### Raw data
-- Opening Marker --

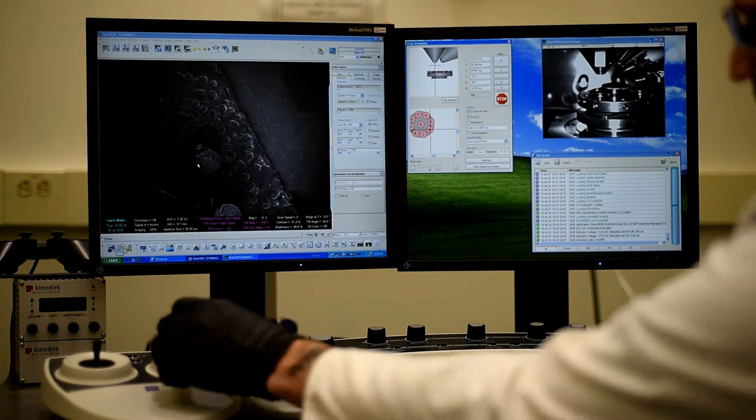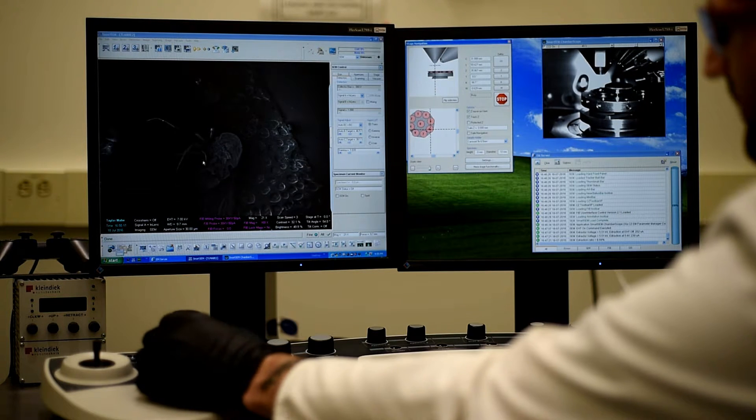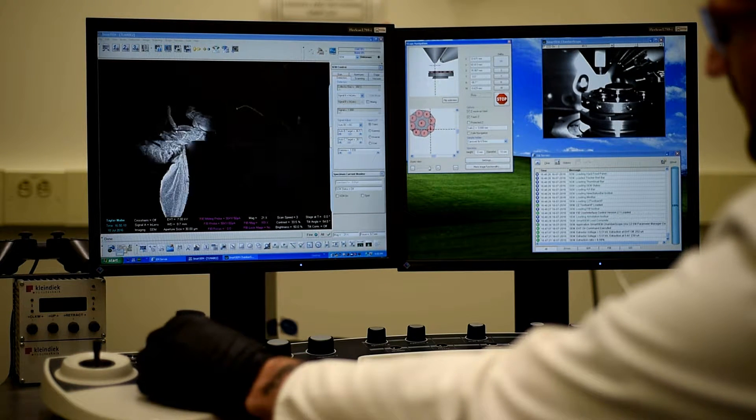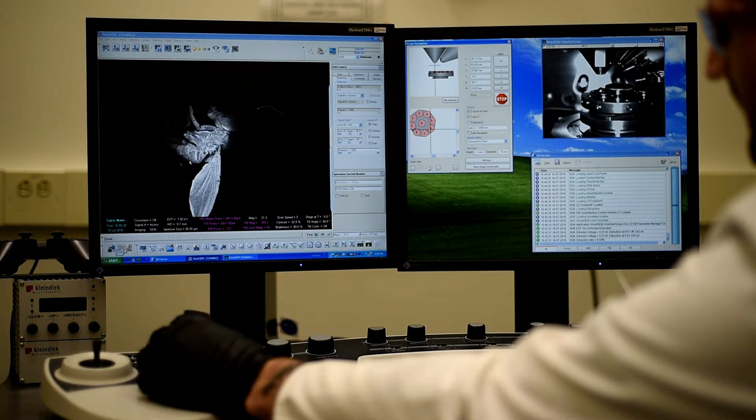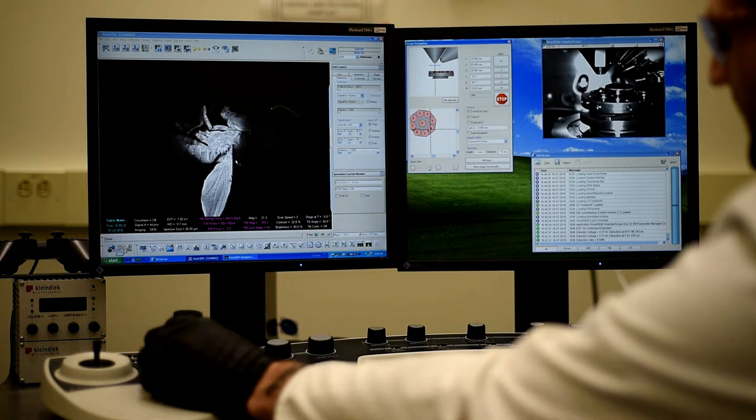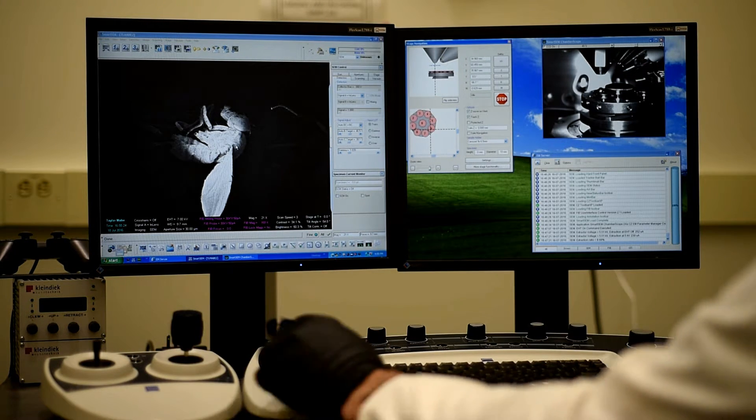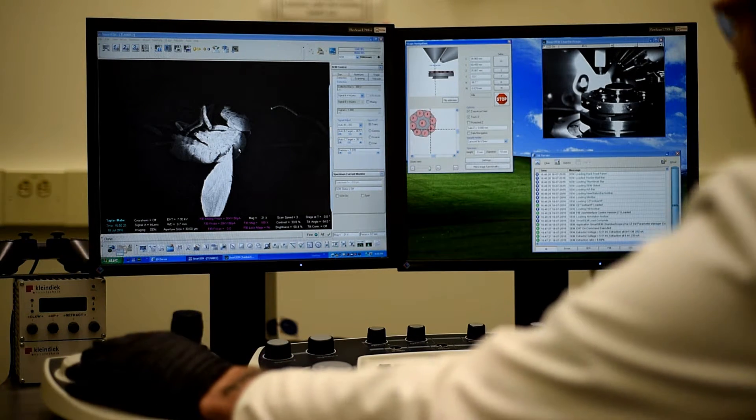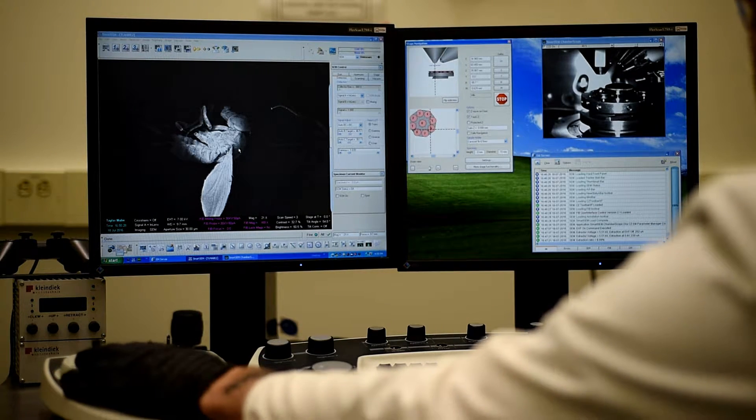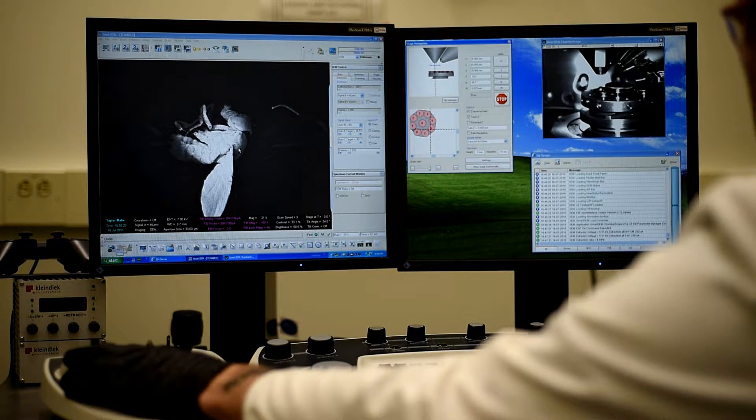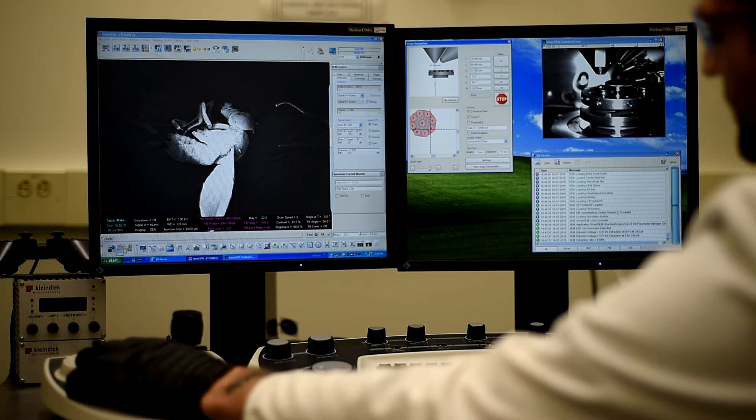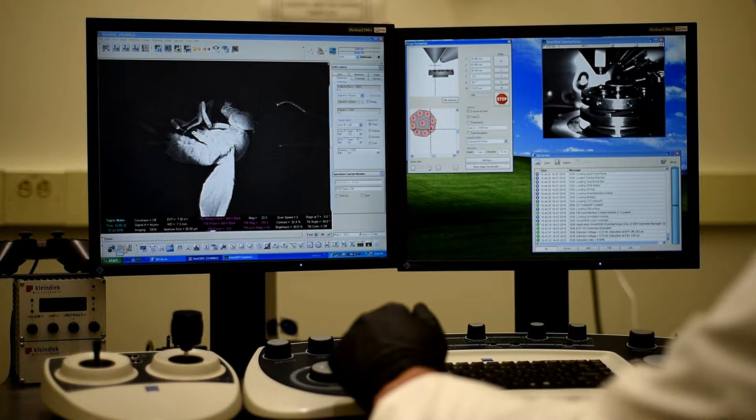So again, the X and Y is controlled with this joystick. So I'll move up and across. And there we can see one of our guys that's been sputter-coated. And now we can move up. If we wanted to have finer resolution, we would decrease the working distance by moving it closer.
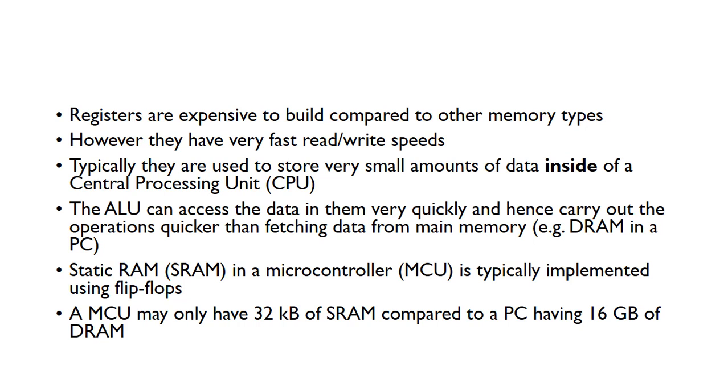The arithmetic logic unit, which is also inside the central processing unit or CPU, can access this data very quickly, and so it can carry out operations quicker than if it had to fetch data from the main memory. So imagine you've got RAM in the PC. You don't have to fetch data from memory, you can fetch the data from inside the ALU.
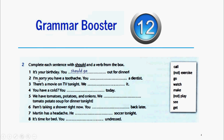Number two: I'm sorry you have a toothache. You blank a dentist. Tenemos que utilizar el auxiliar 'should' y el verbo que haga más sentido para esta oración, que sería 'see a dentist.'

-- Closing Marker --

Drop the pictures and copy the data exactly.

So again, the X and Y is controlled with this joystick. So I'll move up and across. And there we can see one of our guys that's been sputter-coated. And now we can move up. If we wanted to have finer resolution, we would decrease the working distance by moving it closer.
The arithmetic logic unit, which is also inside the central processing unit or CPU, can access this data very quickly, and so it can carry out operations quicker than if it had to fetch data from the main memory. So imagine you've got RAM in the PC. You don't have to fetch data from memory, you can fetch the data from inside the ALU.
Number two: I'm sorry you have a toothache. You blank a dentist. Tenemos que utilizar el auxiliar 'should' y el verbo que haga más sentido para esta oración, que sería 'see a dentist.'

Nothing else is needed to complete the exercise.